[Data supplied Boundary: Start]

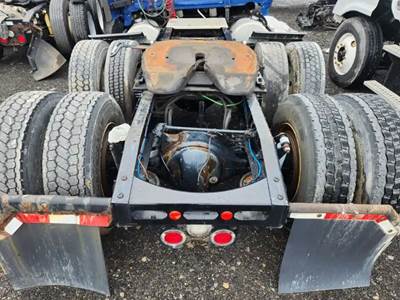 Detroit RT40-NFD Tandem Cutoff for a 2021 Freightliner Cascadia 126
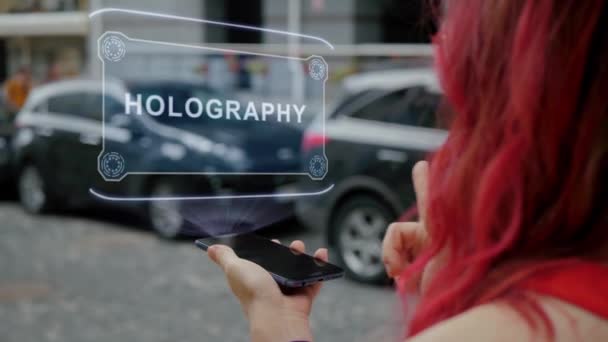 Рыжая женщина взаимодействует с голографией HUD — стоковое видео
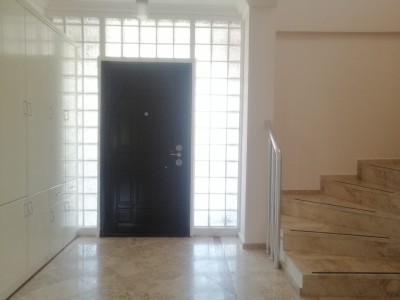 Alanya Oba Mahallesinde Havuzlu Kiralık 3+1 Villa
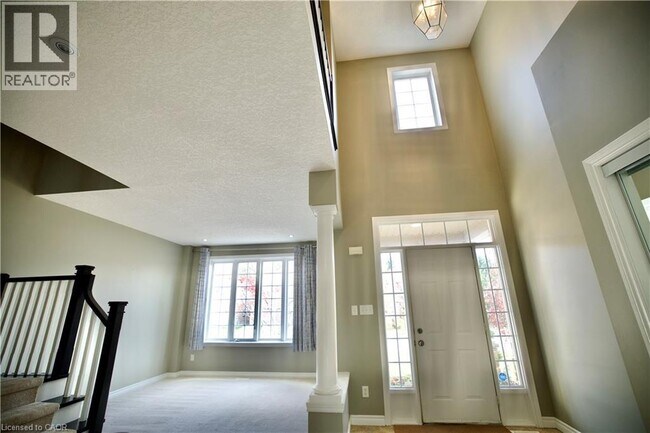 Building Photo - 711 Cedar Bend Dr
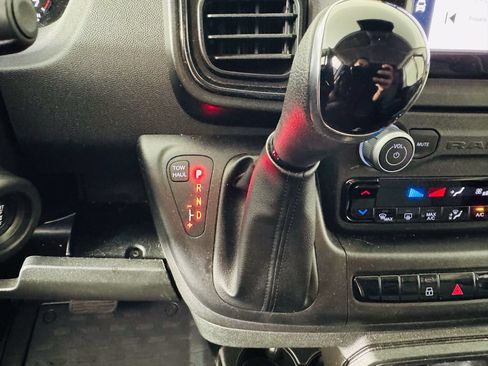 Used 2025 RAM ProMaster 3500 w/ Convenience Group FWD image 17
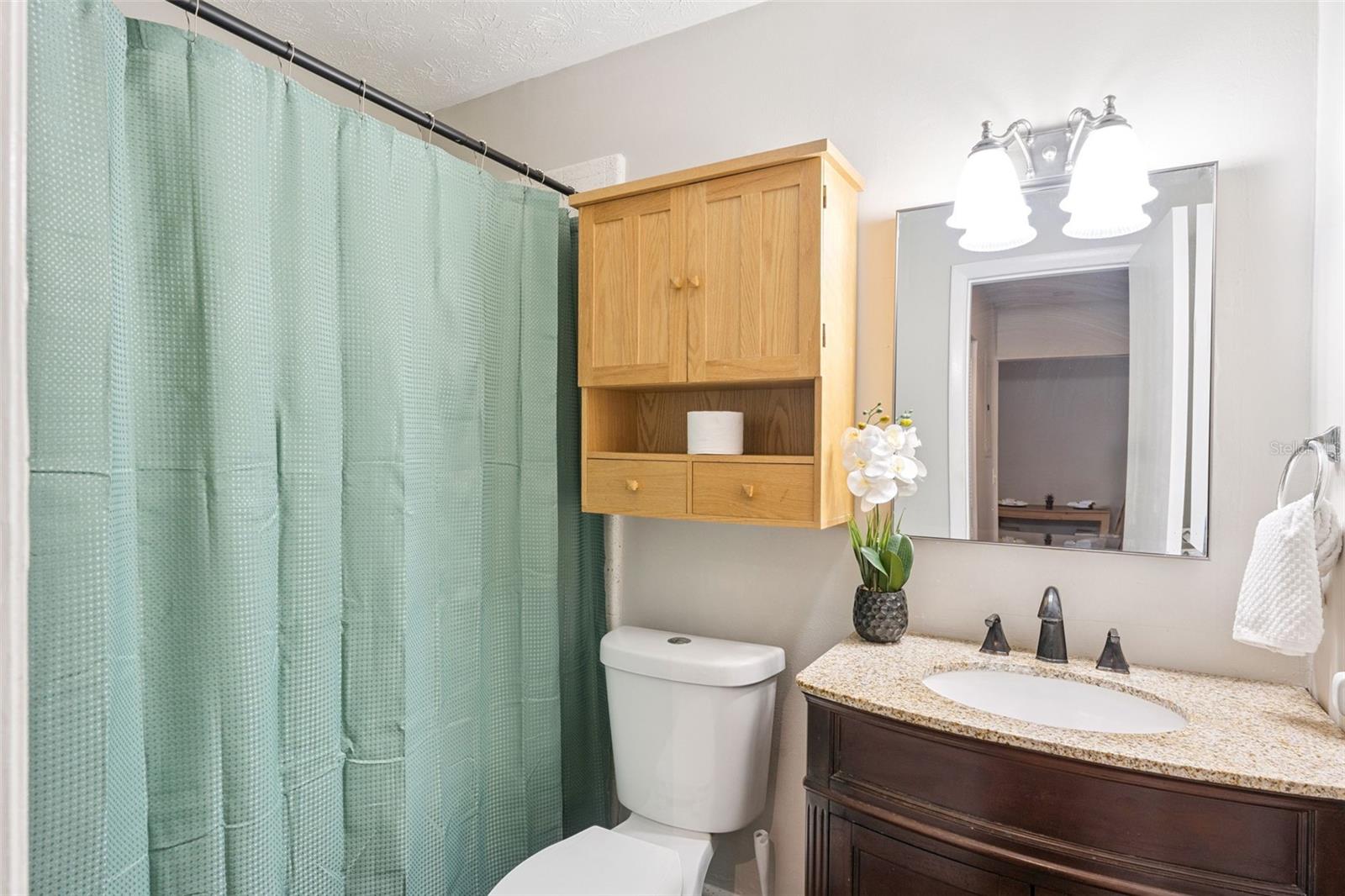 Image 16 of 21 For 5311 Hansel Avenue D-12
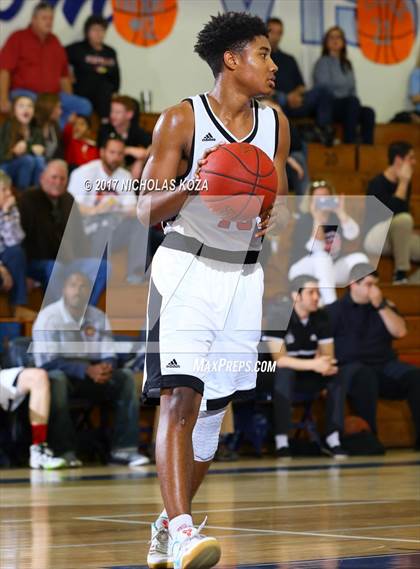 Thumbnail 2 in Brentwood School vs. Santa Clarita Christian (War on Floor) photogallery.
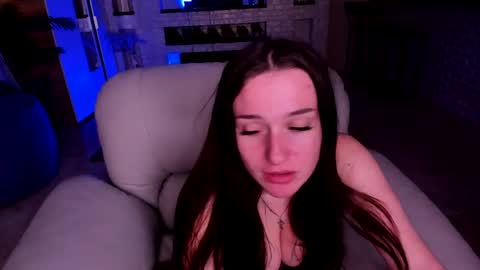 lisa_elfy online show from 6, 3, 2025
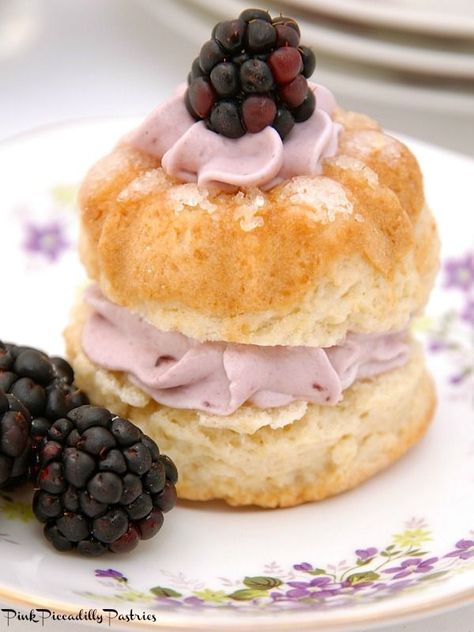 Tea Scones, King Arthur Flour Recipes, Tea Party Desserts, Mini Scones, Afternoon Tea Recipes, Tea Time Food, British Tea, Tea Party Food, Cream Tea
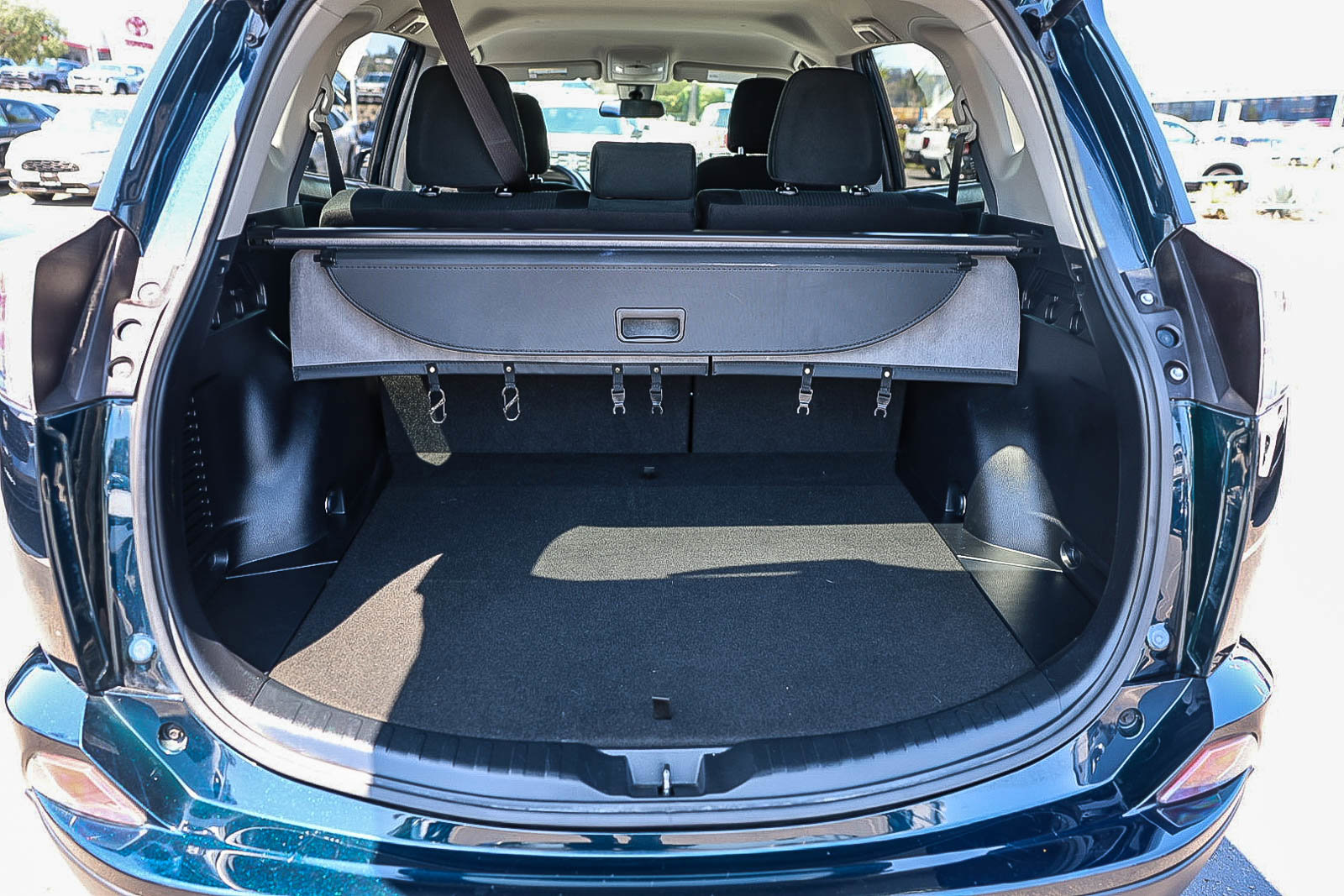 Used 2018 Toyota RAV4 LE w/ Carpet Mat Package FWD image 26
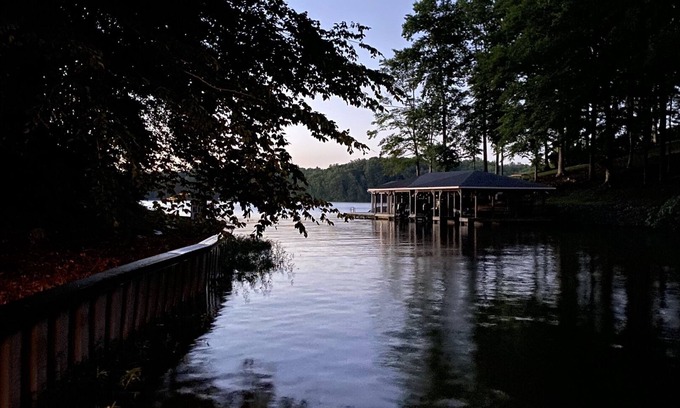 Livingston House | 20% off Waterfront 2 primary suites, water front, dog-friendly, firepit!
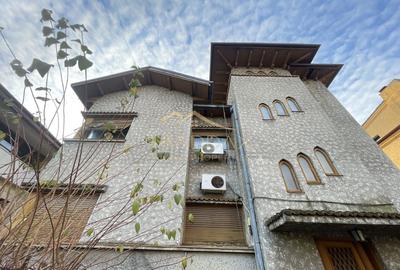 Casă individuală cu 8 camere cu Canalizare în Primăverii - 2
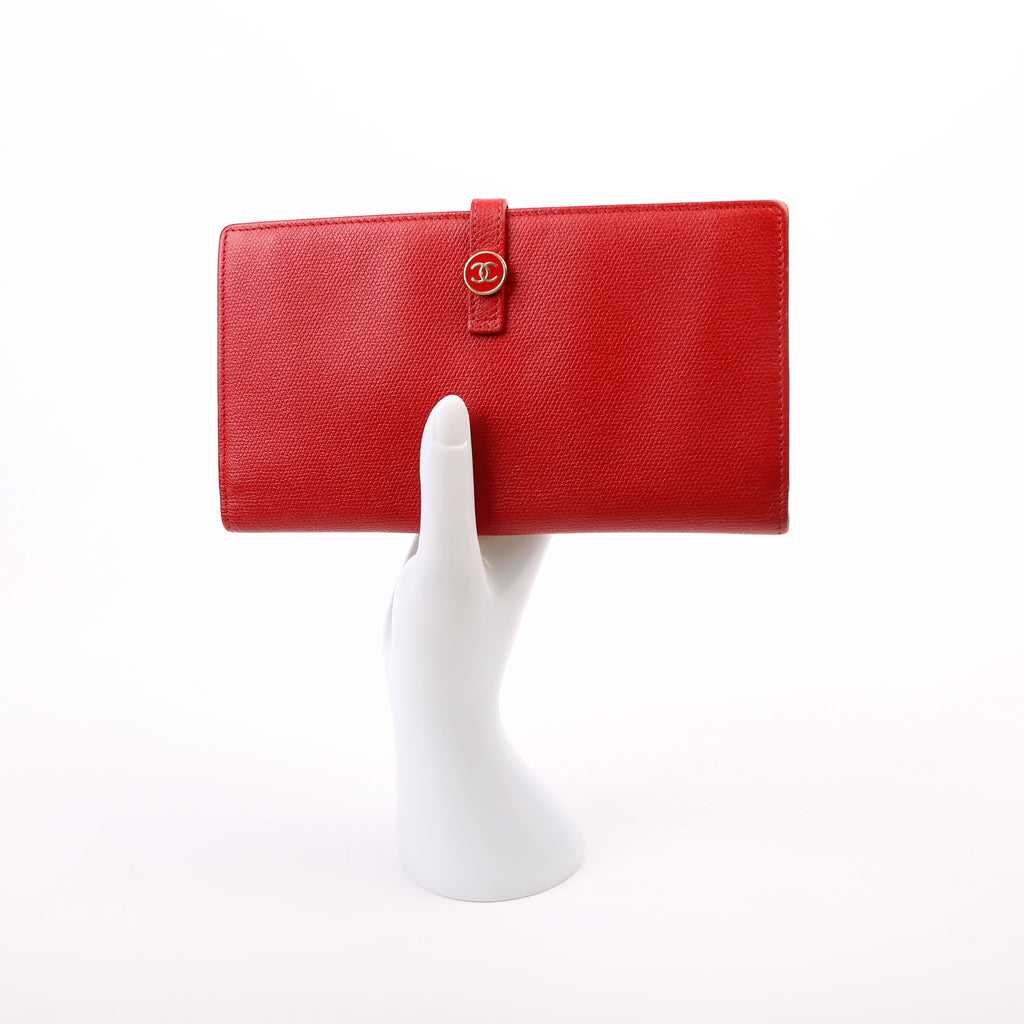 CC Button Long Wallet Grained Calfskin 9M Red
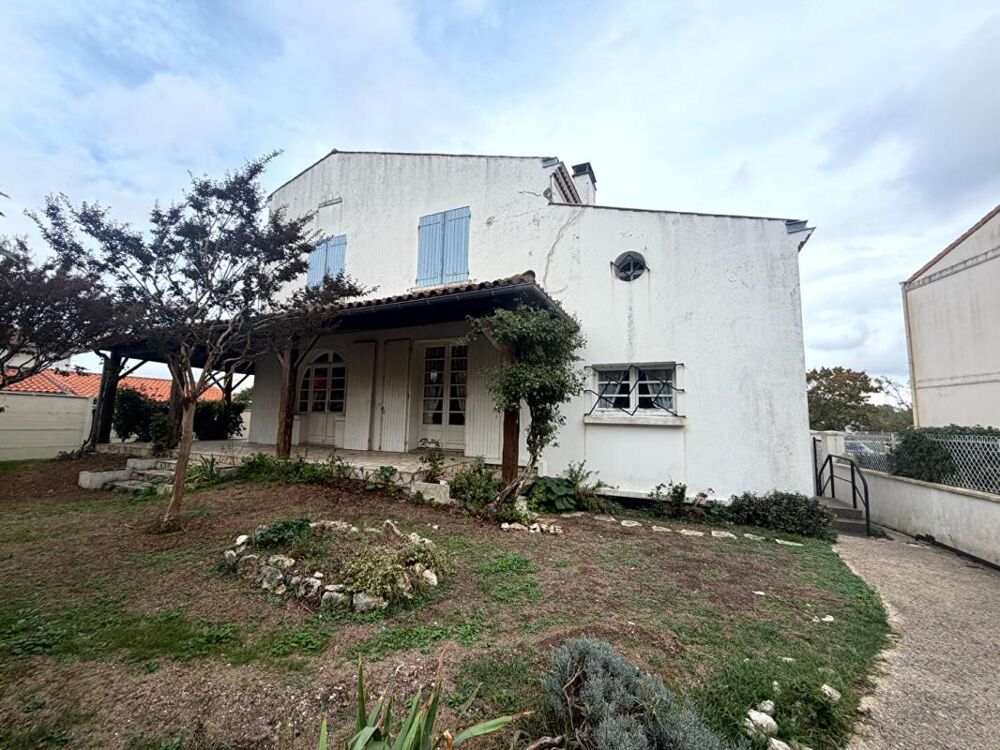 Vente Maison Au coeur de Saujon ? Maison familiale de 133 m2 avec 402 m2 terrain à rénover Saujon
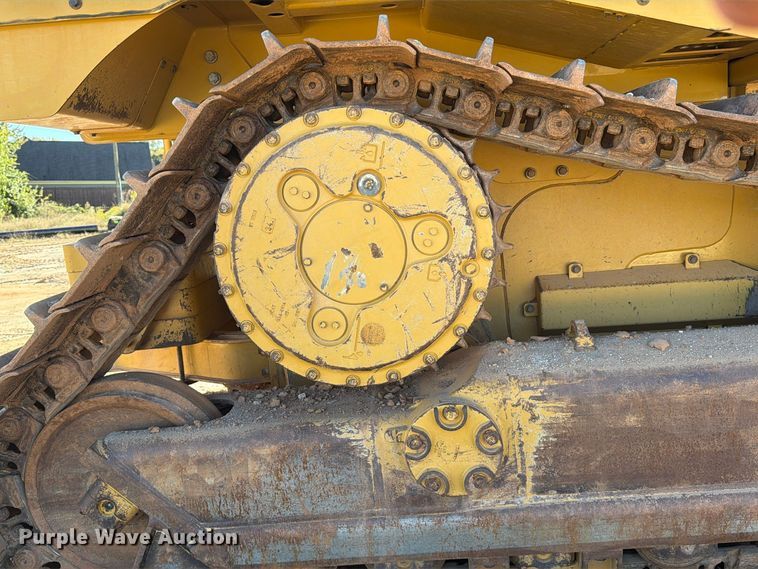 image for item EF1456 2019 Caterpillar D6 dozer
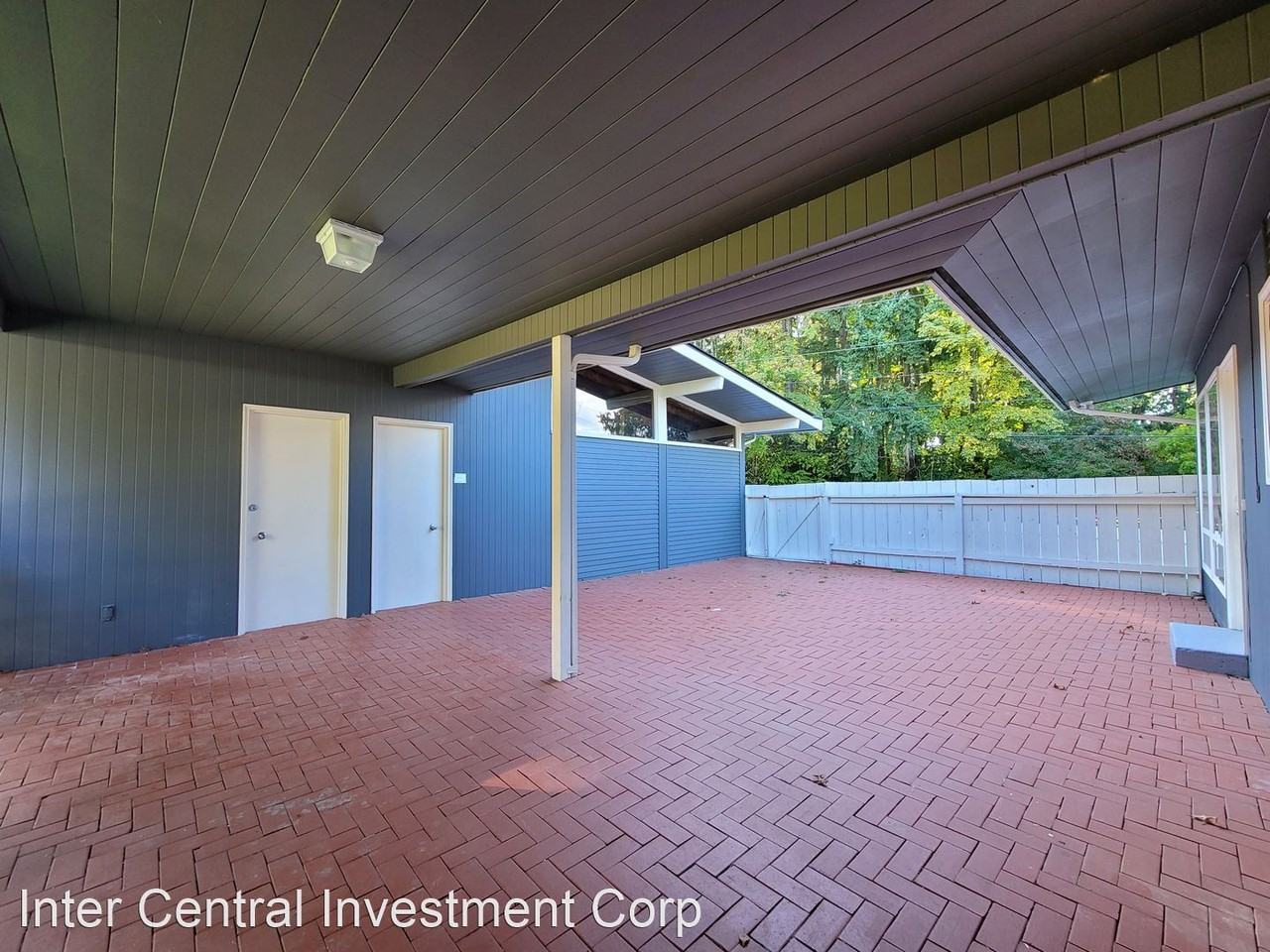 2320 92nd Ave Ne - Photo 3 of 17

[Data supplied Boundary: End]

▶ _Work instruction_
Line by line, restate the data above exactly as it stands, minus the pictures.

▶ _Response to the task_
 Detroit RT40-NFD Tandem Cutoff for a 2021 Freightliner Cascadia 126
 Рыжая женщина взаимодействует с голографией HUD — стоковое видео
 Alanya Oba Mahallesinde Havuzlu Kiralık 3+1 Villa
 Building Photo - 711 Cedar Bend Dr
 Used 2025 RAM ProMaster 3500 w/ Convenience Group FWD image 17
 Image 16 of 21 For 5311 Hansel Avenue D-12
 Thumbnail 2 in Brentwood School vs. Santa Clarita Christian (War on Floor) photogallery.
 lisa_elfy online show from 6, 3, 2025
 Tea Scones, King Arthur Flour Recipes, Tea Party Desserts, Mini Scones, Afternoon Tea Recipes, Tea Time Food, British Tea, Tea Party Food, Cream Tea
 Used 2018 Toyota RAV4 LE w/ Carpet Mat Package FWD image 26
 Livingston House | 20% off Waterfront 2 primary suites, water front, dog-friendly, firepit!
 Casă individuală cu 8 camere cu Canalizare în Primăverii - 2
 CC Button Long Wallet Grained Calfskin 9M Red
 Vente Maison Au coeur de Saujon ? Maison familiale de 133 m2 avec 402 m2 terrain à rénover Saujon
 image for item EF1456 2019 Caterpillar D6 dozer
 2320 92nd Ave Ne - Photo 3 of 17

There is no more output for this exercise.